XIVe Obs. — D…, quarante-neuf ans., garde-malade. Migraines fréquentes depuis plusieurs années ; chute dans un escalier, Il y a un mois ; depuis lors, douleurs de tète continues ; emphysème accès d’asthme, accidents hystériques. On l’a accusée d’être une voleuse. II vient un tas de monde qui crie après elle ; ils l’appellent coquine, gueuse, lui parlent tout bas, et lui reprochent des choses [p. 150] abominables. La nuit, ils se relayent pour lui dire : Étouffe. Il y a une voix qui la poursuit sans qu’elle sache si c’est un homme ou une femme ; ce ne sont pas d’ailleurs des vraies paroles, mais une espèce de somnambulisme par lequel on la force à parler pour répéter ce qu’elle a pensé. Elle n’a jamais cherché, dit-elle, à connaître ses ennemis, crainte de discussion, et ne peut se figurer pourquoi on lui en veut. Conscience d’une sorte de malaise et de fatigue intellectuelle, physionomie triste et préoccupée.

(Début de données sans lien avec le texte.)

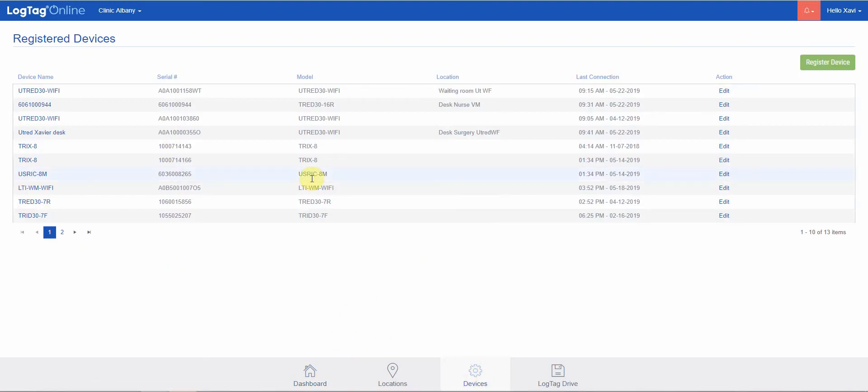The devices panel shows the list of registered devices or log tags, LogTag loggers associated with or attached to your account.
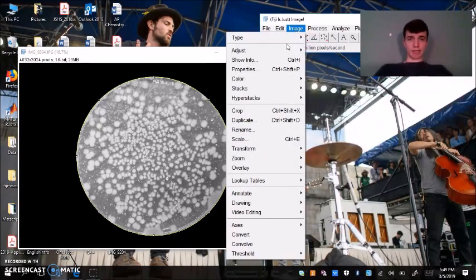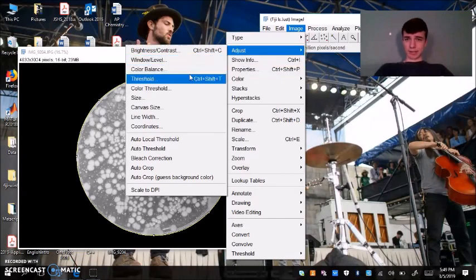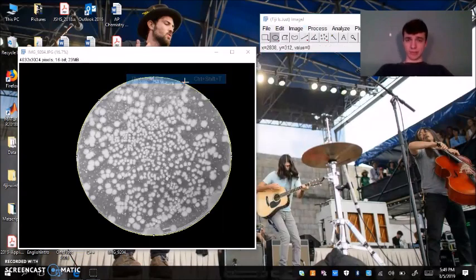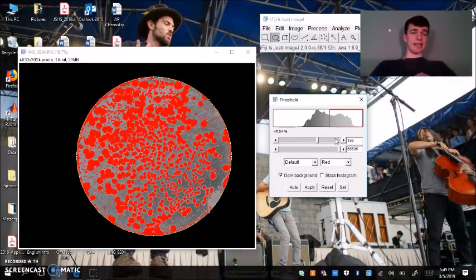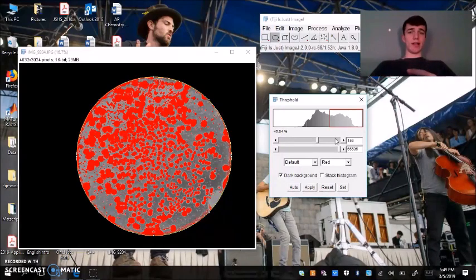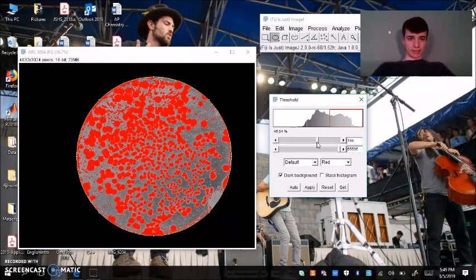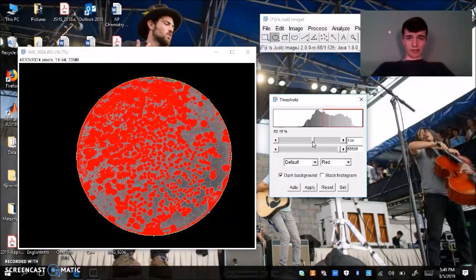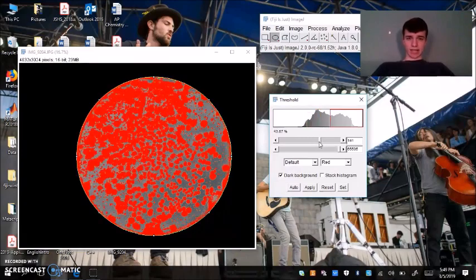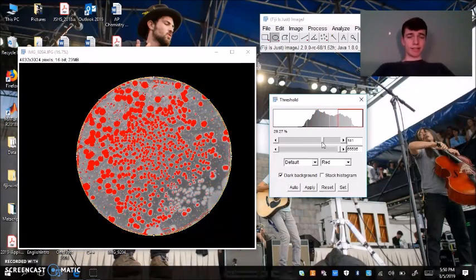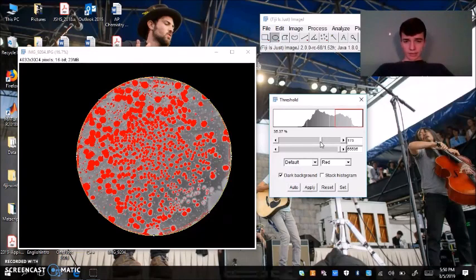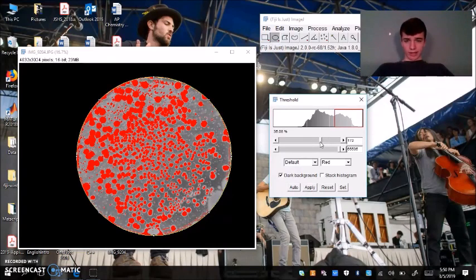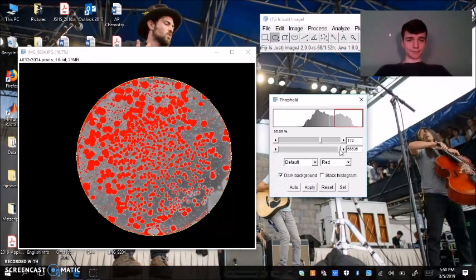We're going to Image, Adjust, Threshold. What thresholding does, it allows you to select a certain region of your image that you want to analyze. Using these two bars, you can select more of your image or less of your image. But in this instance, we just want to select our colonies. So I'm going to try to find a middle ground here. I think that looks good.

XVe Obs. — Délire de persécutions datant de huit ans ; passage du délire partiel à la démence ; idées d’abord assez lucides, se troublant à mesure que la malade s’anime, et finissant par une incohérence complète.
J’étais à travailler, j’entends tout à coup des gens qui criaient des invectives ; j’ai été me plaindre. C’était un bruit sourd, je distinguais : couper la tête ; je les entends encore, mais quelquefois ce sont de faux bruits. Je ne sais pas si c’est une cause étrangère ou personnelle (je rapporte textuellement) ; Je suis allé trouver le juge de paix, mais inutilement. Quand je sors, c‘est la même répétition, mais le bruit est moins fort ; on crie : Voleuse ! je vais te la couper, assez indistinctement ; c’est d’une personne qu’on s’est servie à mon insu ; j’en accuse la police. Il y a eu une affaire d’émeute de charpentiers pour le nom de la belle Flamande. Tout Paris me connaît sous ce nom. Je suis très-misérable, on m’empêche de solder mon terme par cette voix, et le propriétaire est avec les locataires partout contre moi. On m’a entraînée, on a volé mes droits par la cause des voix jusqu’à extinction, etc.

Il eût été facile de grouper ces faits par catégories ; j’ai mieux aimé les laisser dans leur confusion. Un arrangement plus méthodique n’eût rien ajouté à la seule conclusion que je veuille en tirer, et par laquelle je termine cette monographie. Il existe une forme de délite partiel à laquelle je donne, faute d’un meilleur terme, le nom de délire de persécutions, qui se reproduit avec des caractères assez constants pour constituer une espèce pathologique parmi les aliénations mentales.